SOF units are always looking for the very best available equipment to take into the field and on missions. This is what I thought when I bought the Bushnell 8×32 Fusion 1 mile ARC laser range finder for long range precision target interdiction. Being a trusted name in optics, I went to Bushnell’s web page and found a laser range finder with everything that SOF units look for in a tactical laser range finder. I was so excited to get this great piece of gear and test it out in preparation to use on an upcoming training exercise. I very quickly found myself disappointed in how poor the Fusion was performing in many different aspects.
At initial glance, especially after reviewing the manufacturer’s specifications, the Fusion 1 mile ARC appears to be a great piece of glass with multi-function capabilities. It’s a ballistic computer, laser range finder and binoculars all in one. Weighing in at only 30.8 ounces for all the capabilities, I was excited to cut some weight from my pack by eliminating those other devices. The first time I removed the fusion from my pack to use, it was immediately apparent that the quality of its construction was not rugged enough for it’s “true use”. The eye cup fell off at some point between putting it in my pack and taking it out again. One time in and out of a pack again and she already had its first battle scars.
The disappointments kept coming quickly afterward when my buddy and I went to get set up for our first shot; I was unable to get a return distance from the Fusion. We had to wait for first light and use the mildot range estimation formula to estimate our target. When we did the range calculation, we determined that the target was just over 900 meters. Why the hell could not I get a “laze” on the target? I tried again and the closest I could get a return from the fusion was 750 meters. I adjusted to settings from bullseye mode to brush mode and I still could not get a return from the fusion. So, back into the pack she went and she did not come out again for the remainder of the trip. Upon completion I asked other sniper team if they had the same difficulties and they reported the same deficiencies.
I decided to give the Fusion another chance to show her qualities the next time our team went out to the range. The distances we were shooting on this particular day went all the way out to 3200 meters. With modern precision rifles, it is not unreasonable to expect hits even at that range. On a clear day with perfect conditions, using a tripod and sand sock for a stability, the Fusion continued to frustrate me. I was unable to get a distance readout on a hillside that was no more than 1200 meters away. That is unacceptable for a laser range finder that is advertised as capable of terrain distance marking at 1760 yards so, back into the pack the fusion went.
Exploring the performance of the built in ballistic computer was my last hope for a positive result from this product that I had such high hopes for. I broke out the instruction manual and went to Bushnell’s website for further information to make sure that I did not cause any operator errors in the Fusions’ ballistic solution, what I found was surprising for a product produced by a company with a reputation as good as Bushnell’s.

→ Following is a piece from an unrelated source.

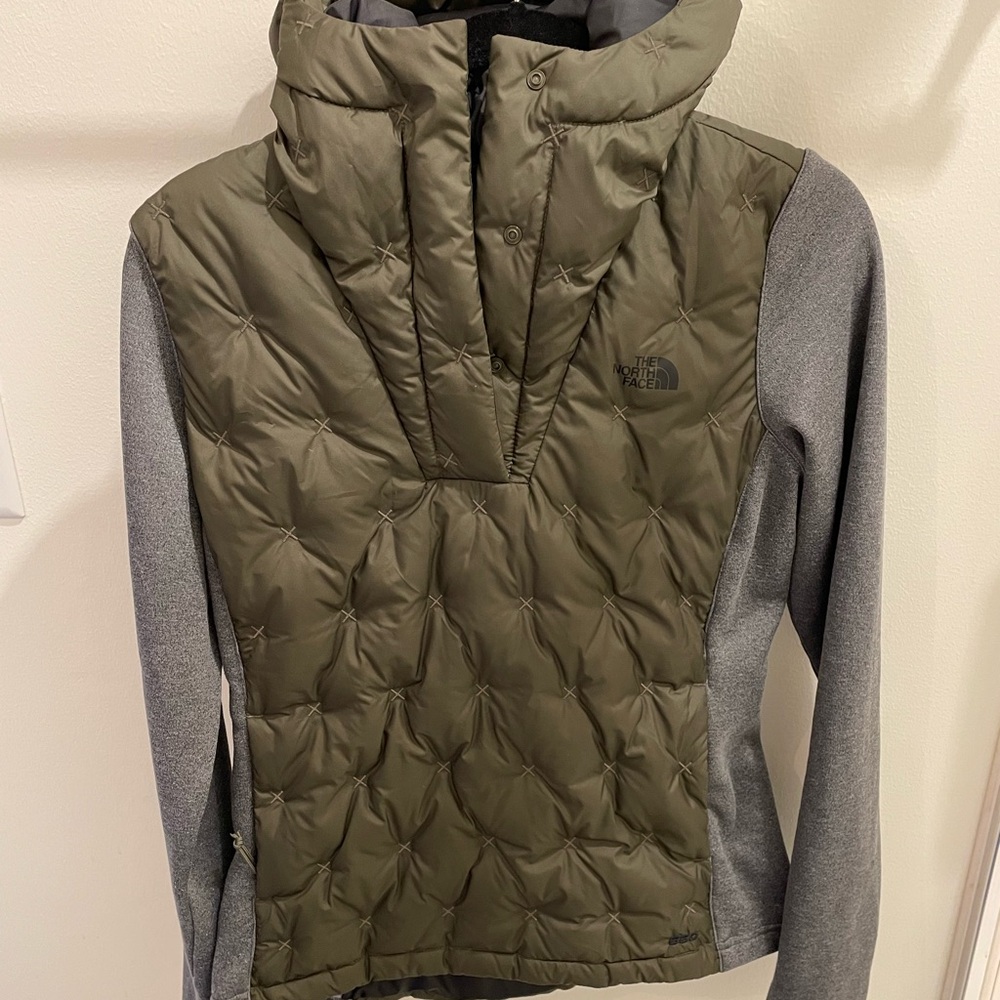 North face pull over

Using a 175-grain Sierra Match King .308 and a LaRue OBR, the average muzzle velocity comes out to be around 2550 fps. Armed with this basic info I referred to the user guide and determined that I should select the “F” category. The problems were immediately apparent. The rifle categories listed by Bushnell only give you an option to select a round that is shooting at 2900 fps. A 350 fps difference in muzzle velocity translates into a .68 mil drop (19.83 inches) at 740 meters, when compared with a “trued” custom ballistic curve.
Considering that 740 meters is a long shot for most shooting situations, let’s look at shorter distances. Say we have a target at 490 meters. When comparing the two ballistic solutions, the Fusion gives a shooting solution which would result in a 10.59 inch drop for my rifle. For shooters demanding a high degree of accuracy, this difference is simply unacceptable. The inability to alter the specifics of the ballistics computer, there is no way to correct for this discrepancy except for using a rifle that falls in exactly with on the ballistic categories. After exhausting all the applications the Fusion offers, it was clear that it simply did not meet the performance standard required for tactical long range precision target interdiction.
Although the Fusion failed to meet the bar in the tactical world I still saw a lot of potential in its application in primarily the bow hunting realm but also rifle hunting. Designed to operate in both rifle and archery modes, multi-functionality is always an awesome aspect for a piece of gear that would to make it onto my bow hunting packing list. Anyone who has been in the situation where you are in the middle of a wilderness area with everything you need to achieve success is carried on you back, knows that ounces equal pounds and pounds equal pain. If I can pack a set of binos and a laser range finder all in one, I will every time. I tested the Fusion in every archery situation I could think of from steep angle shots to long distance shots. It never failed me and the quality of the glass is exceptional for medium and short range glassing.
In conclusion, considering rifle and bow hunting applications versus “tactical” applications, it is clear where the Bushnell Fusion 1 mile ARC finds its’ niche. If you are a rifle hunter that does not feel confident taking a shot on a big bull beyond 400 meters than, I would recommend the Fusion to you. If you have invested in a high dollar rifle, high dollar training and shooting at 900 meters is in your realm of possibility then you should look into another higher performance range finder.